__Exercise directions__: Output, exactly as written, the lines below from the one that has "Saaih Halilintar Makan" through the one that has "Peach latte and"; nothing else, and no pictures.

[Excerpted records]

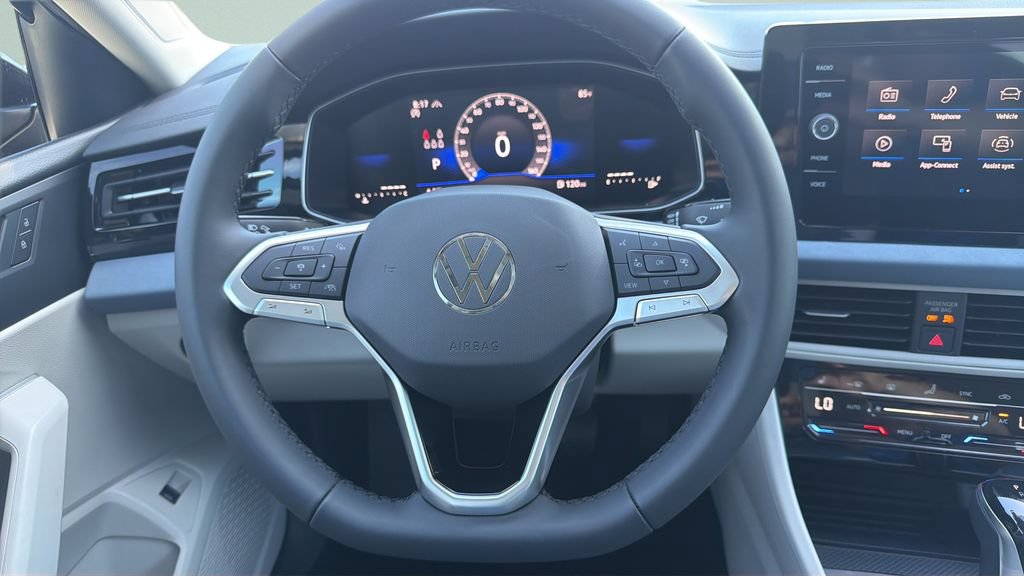 New 2027 Volkswagen Jetta SE FWD image 11
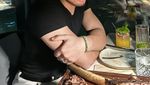 Saaih Halilintar Makan Makanan Mewah hingga Aneh Bareng Keluarganya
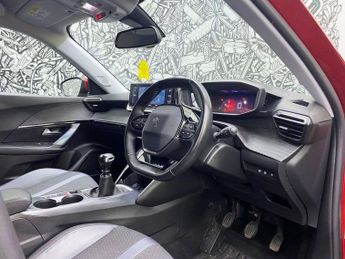 PEUGEOT 2008 1.2 PureTech Allure Premium SUV 5dr Petrol Manual Euro 6 (s/s) (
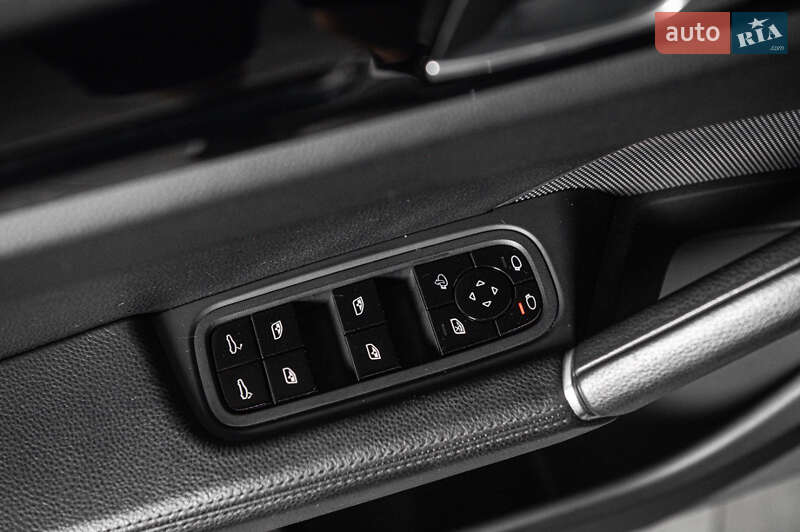 Позашляховик / Кросовер Porsche Cayenne 2018 в Одесі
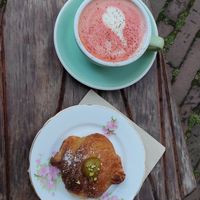 Peach latte and a Pistachio Cornet at Life's a Peach in Utrecht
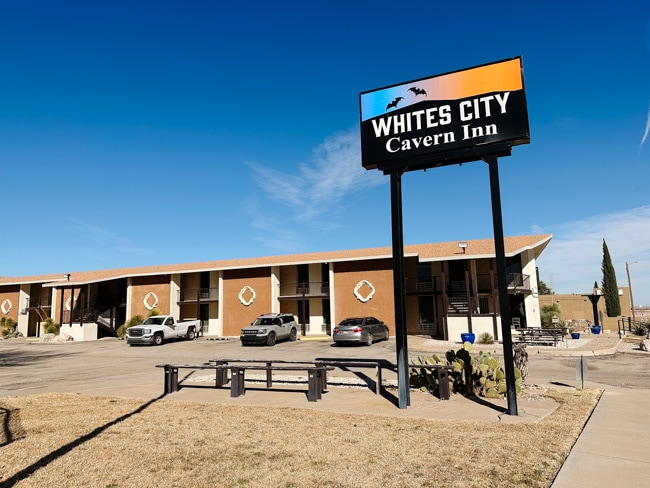 Whites City Cavern Inn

[/Excerpted records]

__Answer to this exercise__:
 Saaih Halilintar Makan Makanan Mewah hingga Aneh Bareng Keluarganya
 PEUGEOT 2008 1.2 PureTech Allure Premium SUV 5dr Petrol Manual Euro 6 (s/s) (
 Позашляховик / Кросовер Porsche Cayenne 2018 в Одесі
 Peach latte and a Pistachio Cornet at Life's a Peach in Utrecht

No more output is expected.